One thing readers may want to know is that this book started out as the imaginary femslash fandom enjoyed by the main characters of my contemporary romance Knit One Girl Two, so it’s almost like reading fanfic of a series that doesn’t exist. But how could I make up a superhero/damsel in distress f/f pairing and then not write it?? It would be like baking rugelach and not eating them!
The title of Cinnamon Blade: Knife in Shining Armor does a great job at attracting readers’ attention and making them curious. How did you come up with it?
Knife in Shining Armor is supposed to be a play on how Cin’s the “knight in shining armor” to the perpetually harassed Soledad, but “knife” because of the Blade name. I agonized for days over that title, mainly because coming up with a title that comes close to deserving to go next to Knit One Girl Two was not easy. I still feel incredibly lucky that I ever thought of that one. I’ll never forget that moment, in my cover artist’s kitchen; I remember my face suddenly getting as hot as a cast-iron skillet. So that was the pressure I felt trying to name this one! I’m glad you feel that it works. I just wanted it to be clever, and also get across some idea of what’s happening in the story — especially since real superhero movie titles don’t give me much to work with. So I knew it couldn’t be just “Cinnamon Blade” (like “Black Panther” or “Iron Man”) because what is that, a cookbook? A title of a book written by an obscure niche indie author is her first best chance to communicate what’s inside the book.
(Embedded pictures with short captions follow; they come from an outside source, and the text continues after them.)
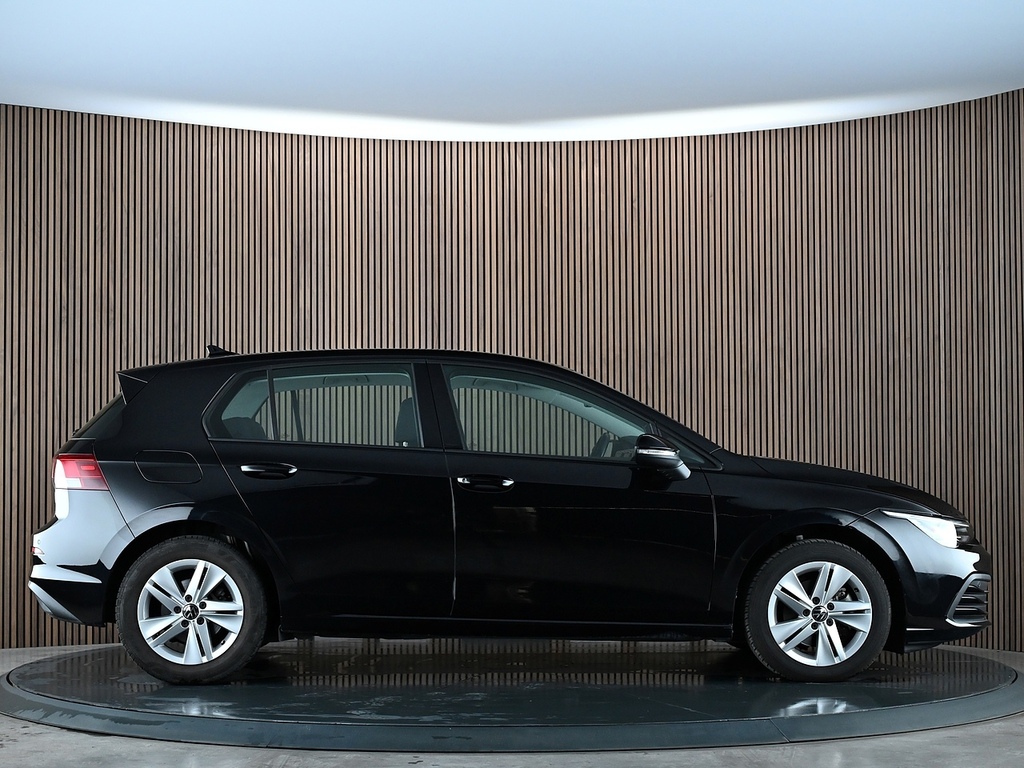 Volkswagen Golf 1.0 Etsi Mhev Life Hatchback Hybrid Dsg Black #6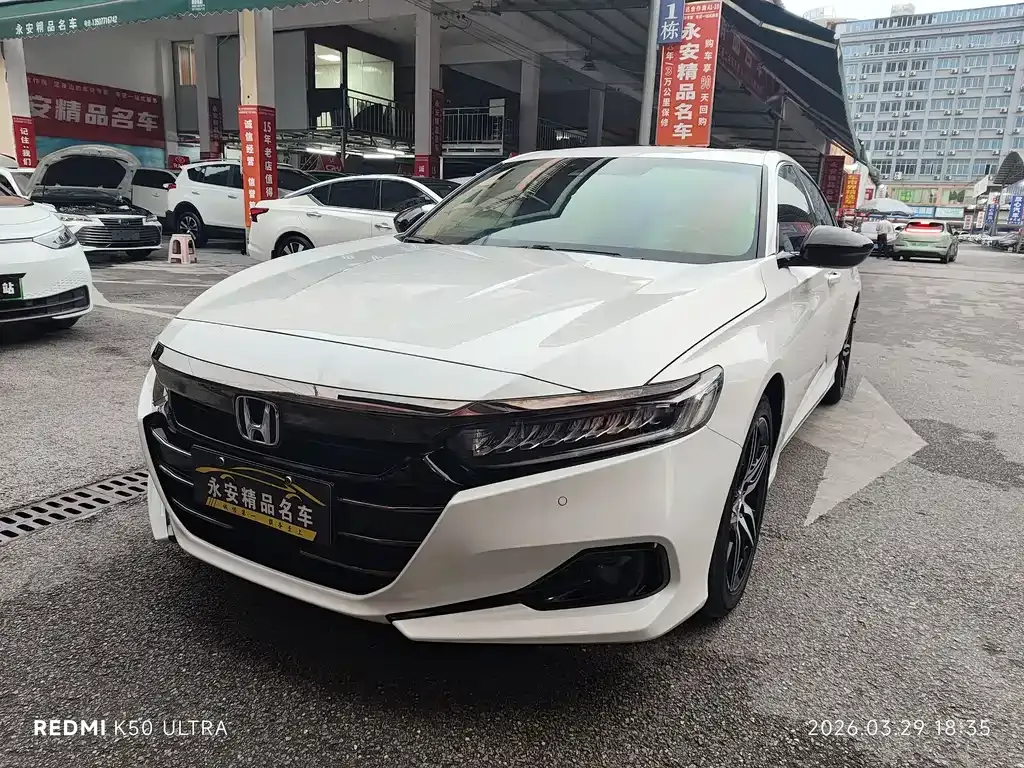 Honda Accord — фото 1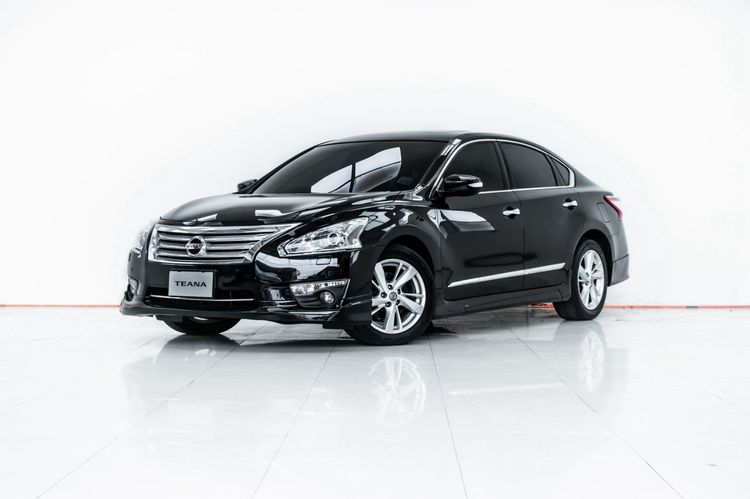 รถ Nissan Teana 2.5 XV สี ดำ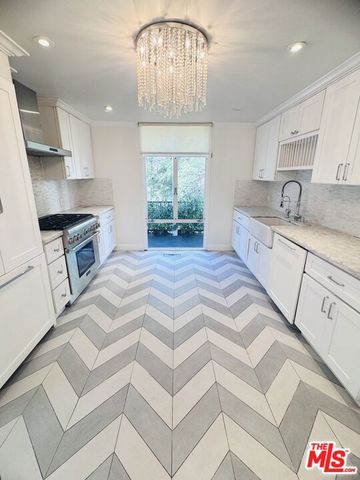 936 Chantilly Road, Los Angeles, CA 90077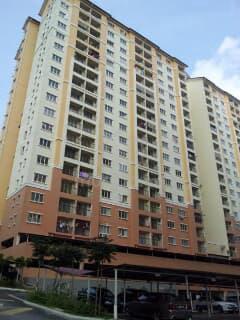 Lakeview Apartments 1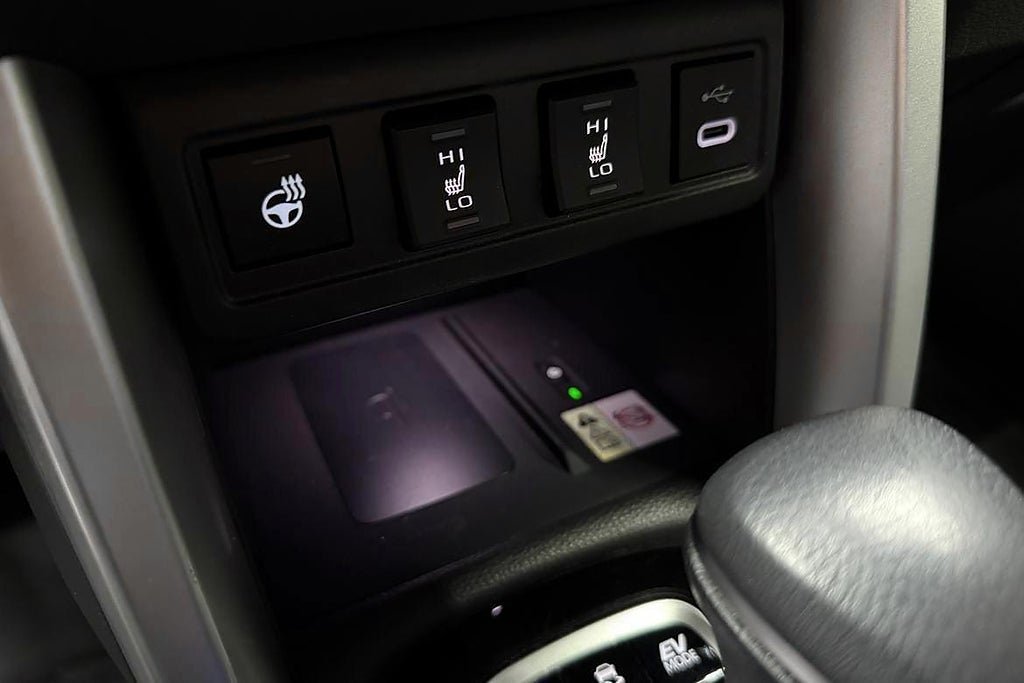 Vehicle Image 18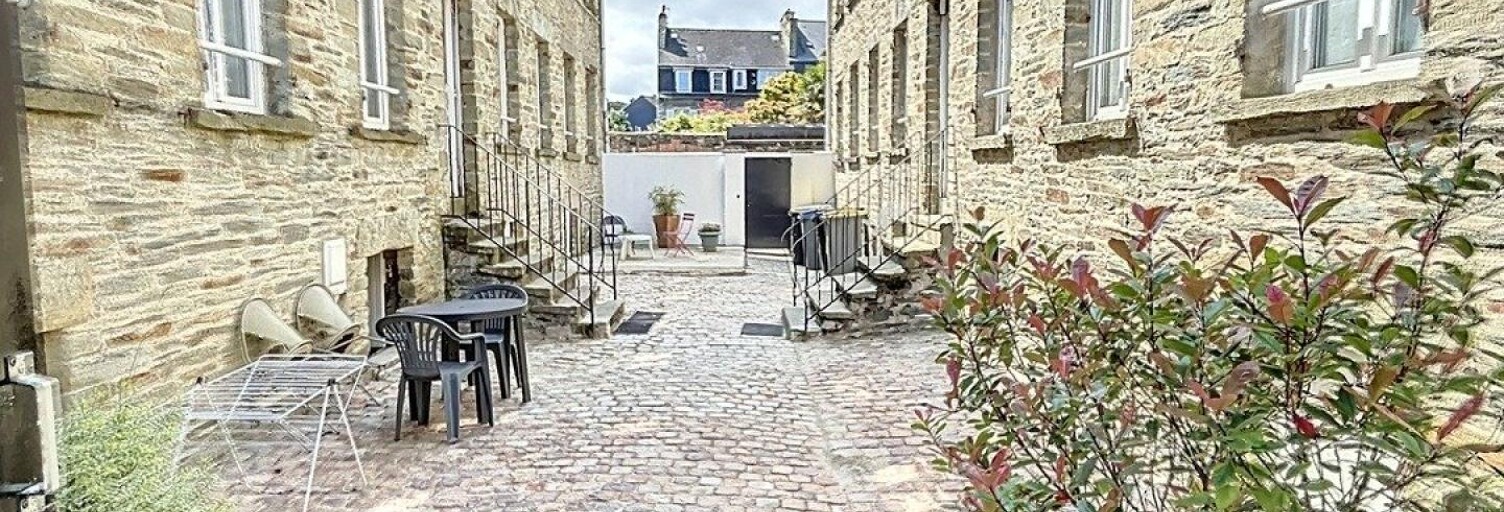 Immeuble  708 m² à vendre à Cherbourg-en-Cotentin (50100)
You’ve been praised for the hot sex scenes in Cinnamon Blade. So what makes a good sex scene? Any tips for writers who struggle with them?
There is no one answer for what makes a good sex scene because everyone who likes sex scenes will have their own unique preferences for them! But I can tell you this. I owe some of the hotness of the CB sex scenes to author Xan West, who worked with me and coached me on turning the scenes I’d already written into more detailed ones by asking me to describe more specific sensations, both physical and emotional, for each one. I am not kidding when I say I actually went off to go amuse myself (yes, that) and took notes because I wanted to be able to fulfill Xan’s instructions and I wasn’t sure I’d have the words unless I thought of them in the moment, and overanalyzed. So, that’s one way.
But honestly, if you are struggling with writing a sex scene it’s okay just to mention a few things and let it be. Nobody said a story that contains, for example, a woman going down on her girlfriend, has to contain the play by play of tongue physics. Don’t think that your sex scenes have to follow a template or be a certain length or anything else.
The tagline on your website describes you as a “Queer Jewish feminist writer.” What role does being queer, being Jewish, and being a feminist play in your writing?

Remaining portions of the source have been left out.